Mag bajó la cabeza y torció los labios. Su enojo crecía mientras toda la escena tenía lugar, pero sin saber qué le molestaba más: la sentencia rotunda, insensible y de alguna forma malévola de su hermana sobre su mudez, o el hecho de que decidiera llamarla Magnolia frente a Cam, al final decidió que ambas cosas habían sido vergonzosas.

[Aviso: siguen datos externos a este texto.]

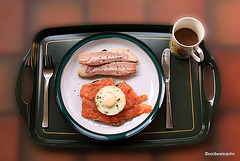 Austrian "Speck" (Smoked Pork Belly)  and gravadlax for brunch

Pero algo que le hizo más ruido fue, por una parte, que la necesidad apremiante de Dahlia de dejar en evidencia sus defectos ante los demás fuese tan fuerte todavía. Por la otra parte, que se oyera tan avergonzada mientras daba sus explicaciones.
Mag se rascó la frente y se apartó algunos mechones. Se frustró. Eran adultas, y se suponía que intentaban hacer las pases, ¿por qué entonces su hermana tomaba esa postura?
Con desilusión llegó a la conclusión de que jamás podría entender la animosidad de su hermana hacia ella, pero, sobre todo, que reparar sus lazos fraternales sería una tarea muy complicada si solo iba a depender de ella.